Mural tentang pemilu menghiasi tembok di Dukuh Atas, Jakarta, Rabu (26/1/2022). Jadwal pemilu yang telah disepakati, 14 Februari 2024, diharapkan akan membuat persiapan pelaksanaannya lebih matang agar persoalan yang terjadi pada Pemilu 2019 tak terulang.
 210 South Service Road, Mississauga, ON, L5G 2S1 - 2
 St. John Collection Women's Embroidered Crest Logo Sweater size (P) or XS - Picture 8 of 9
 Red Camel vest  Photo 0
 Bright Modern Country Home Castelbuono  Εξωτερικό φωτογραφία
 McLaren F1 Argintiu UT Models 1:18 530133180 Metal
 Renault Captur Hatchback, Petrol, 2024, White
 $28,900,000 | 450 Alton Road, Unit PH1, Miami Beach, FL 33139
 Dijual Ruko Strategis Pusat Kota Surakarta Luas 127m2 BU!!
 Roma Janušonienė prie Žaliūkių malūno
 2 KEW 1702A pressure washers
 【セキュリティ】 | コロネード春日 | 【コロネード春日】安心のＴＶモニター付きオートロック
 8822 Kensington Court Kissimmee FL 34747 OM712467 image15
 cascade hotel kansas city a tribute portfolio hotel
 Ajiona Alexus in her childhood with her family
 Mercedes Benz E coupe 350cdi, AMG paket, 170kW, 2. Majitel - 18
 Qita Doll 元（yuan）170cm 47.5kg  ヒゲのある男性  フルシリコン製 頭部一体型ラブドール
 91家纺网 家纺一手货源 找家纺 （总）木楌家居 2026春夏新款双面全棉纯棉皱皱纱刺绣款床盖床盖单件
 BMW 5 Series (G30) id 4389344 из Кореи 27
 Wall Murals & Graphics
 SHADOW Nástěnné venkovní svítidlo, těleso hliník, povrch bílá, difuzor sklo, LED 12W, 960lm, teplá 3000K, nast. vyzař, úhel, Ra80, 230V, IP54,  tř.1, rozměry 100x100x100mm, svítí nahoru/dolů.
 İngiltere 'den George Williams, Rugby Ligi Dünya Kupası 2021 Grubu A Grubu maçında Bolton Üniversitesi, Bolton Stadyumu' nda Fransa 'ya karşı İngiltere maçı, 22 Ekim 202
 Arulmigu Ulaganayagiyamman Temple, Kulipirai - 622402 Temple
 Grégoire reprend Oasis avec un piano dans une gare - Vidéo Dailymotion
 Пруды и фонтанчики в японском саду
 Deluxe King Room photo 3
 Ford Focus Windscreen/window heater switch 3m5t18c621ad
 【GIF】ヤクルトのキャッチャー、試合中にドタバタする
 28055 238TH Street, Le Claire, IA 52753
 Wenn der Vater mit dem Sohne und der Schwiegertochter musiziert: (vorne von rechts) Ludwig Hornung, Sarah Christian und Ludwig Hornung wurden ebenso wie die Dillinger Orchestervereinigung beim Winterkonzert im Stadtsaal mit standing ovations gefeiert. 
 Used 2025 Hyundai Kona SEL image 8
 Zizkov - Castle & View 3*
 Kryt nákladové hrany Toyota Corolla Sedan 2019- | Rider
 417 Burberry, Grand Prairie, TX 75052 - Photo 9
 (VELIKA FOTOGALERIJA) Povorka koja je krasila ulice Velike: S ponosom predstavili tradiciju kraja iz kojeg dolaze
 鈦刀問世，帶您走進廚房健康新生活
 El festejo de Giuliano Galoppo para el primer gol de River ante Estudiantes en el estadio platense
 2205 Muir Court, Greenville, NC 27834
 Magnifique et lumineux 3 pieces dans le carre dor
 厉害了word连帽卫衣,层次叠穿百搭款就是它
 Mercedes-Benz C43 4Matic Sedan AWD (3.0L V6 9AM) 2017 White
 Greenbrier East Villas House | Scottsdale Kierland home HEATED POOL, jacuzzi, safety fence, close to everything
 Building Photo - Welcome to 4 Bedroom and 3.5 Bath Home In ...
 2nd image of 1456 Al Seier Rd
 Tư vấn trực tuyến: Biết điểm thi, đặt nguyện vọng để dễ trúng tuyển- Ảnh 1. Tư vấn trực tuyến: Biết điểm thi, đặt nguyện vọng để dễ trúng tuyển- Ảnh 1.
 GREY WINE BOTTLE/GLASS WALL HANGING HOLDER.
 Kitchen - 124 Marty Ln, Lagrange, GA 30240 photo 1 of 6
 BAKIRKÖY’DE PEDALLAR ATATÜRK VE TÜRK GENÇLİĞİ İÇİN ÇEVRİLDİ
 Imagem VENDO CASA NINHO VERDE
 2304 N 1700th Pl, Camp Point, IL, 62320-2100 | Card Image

-*-

Set the data down again in full, exactly as given.

Mural tentang pemilu menghiasi tembok di Dukuh Atas, Jakarta, Rabu (26/1/2022). Jadwal pemilu yang telah disepakati, 14 Februari 2024, diharapkan akan membuat persiapan pelaksanaannya lebih matang agar persoalan yang terjadi pada Pemilu 2019 tak terulang.
 210 South Service Road, Mississauga, ON, L5G 2S1 - 2
 St. John Collection Women's Embroidered Crest Logo Sweater size (P) or XS - Picture 8 of 9
 Red Camel vest  Photo 0
 Bright Modern Country Home Castelbuono  Εξωτερικό φωτογραφία
 McLaren F1 Argintiu UT Models 1:18 530133180 Metal
 Renault Captur Hatchback, Petrol, 2024, White
 $28,900,000 | 450 Alton Road, Unit PH1, Miami Beach, FL 33139
 Dijual Ruko Strategis Pusat Kota Surakarta Luas 127m2 BU!!
 Roma Janušonienė prie Žaliūkių malūno
 2 KEW 1702A pressure washers
 【セキュリティ】 | コロネード春日 | 【コロネード春日】安心のＴＶモニター付きオートロック
 8822 Kensington Court Kissimmee FL 34747 OM712467 image15
 cascade hotel kansas city a tribute portfolio hotel
 Ajiona Alexus in her childhood with her family
 Mercedes Benz E coupe 350cdi, AMG paket, 170kW, 2. Majitel - 18
 Qita Doll 元（yuan）170cm 47.5kg  ヒゲのある男性  フルシリコン製 頭部一体型ラブドール
 91家纺网 家纺一手货源 找家纺 （总）木楌家居 2026春夏新款双面全棉纯棉皱皱纱刺绣款床盖床盖单件
 BMW 5 Series (G30) id 4389344 из Кореи 27
 Wall Murals & Graphics
 SHADOW Nástěnné venkovní svítidlo, těleso hliník, povrch bílá, difuzor sklo, LED 12W, 960lm, teplá 3000K, nast. vyzař, úhel, Ra80, 230V, IP54,  tř.1, rozměry 100x100x100mm, svítí nahoru/dolů.
 İngiltere 'den George Williams, Rugby Ligi Dünya Kupası 2021 Grubu A Grubu maçında Bolton Üniversitesi, Bolton Stadyumu' nda Fransa 'ya karşı İngiltere maçı, 22 Ekim 202
 Arulmigu Ulaganayagiyamman Temple, Kulipirai - 622402 Temple
 Grégoire reprend Oasis avec un piano dans une gare - Vidéo Dailymotion
 Пруды и фонтанчики в японском саду
 Deluxe King Room photo 3
 Ford Focus Windscreen/window heater switch 3m5t18c621ad
 【GIF】ヤクルトのキャッチャー、試合中にドタバタする
 28055 238TH Street, Le Claire, IA 52753
 Wenn der Vater mit dem Sohne und der Schwiegertochter musiziert: (vorne von rechts) Ludwig Hornung, Sarah Christian und Ludwig Hornung wurden ebenso wie die Dillinger Orchestervereinigung beim Winterkonzert im Stadtsaal mit standing ovations gefeiert. 
 Used 2025 Hyundai Kona SEL image 8
 Zizkov - Castle & View 3*
 Kryt nákladové hrany Toyota Corolla Sedan 2019- | Rider
 417 Burberry, Grand Prairie, TX 75052 - Photo 9
 (VELIKA FOTOGALERIJA) Povorka koja je krasila ulice Velike: S ponosom predstavili tradiciju kraja iz kojeg dolaze
 鈦刀問世，帶您走進廚房健康新生活
 El festejo de Giuliano Galoppo para el primer gol de River ante Estudiantes en el estadio platense
 2205 Muir Court, Greenville, NC 27834
 Magnifique et lumineux 3 pieces dans le carre dor
 厉害了word连帽卫衣,层次叠穿百搭款就是它
 Mercedes-Benz C43 4Matic Sedan AWD (3.0L V6 9AM) 2017 White
 Greenbrier East Villas House | Scottsdale Kierland home HEATED POOL, jacuzzi, safety fence, close to everything
 Building Photo - Welcome to 4 Bedroom and 3.5 Bath Home In ...
 2nd image of 1456 Al Seier Rd
 Tư vấn trực tuyến: Biết điểm thi, đặt nguyện vọng để dễ trúng tuyển- Ảnh 1. Tư vấn trực tuyến: Biết điểm thi, đặt nguyện vọng để dễ trúng tuyển- Ảnh 1.
 GREY WINE BOTTLE/GLASS WALL HANGING HOLDER.
 Kitchen - 124 Marty Ln, Lagrange, GA 30240 photo 1 of 6
 BAKIRKÖY’DE PEDALLAR ATATÜRK VE TÜRK GENÇLİĞİ İÇİN ÇEVRİLDİ
 Imagem VENDO CASA NINHO VERDE
 2304 N 1700th Pl, Camp Point, IL, 62320-2100 | Card Image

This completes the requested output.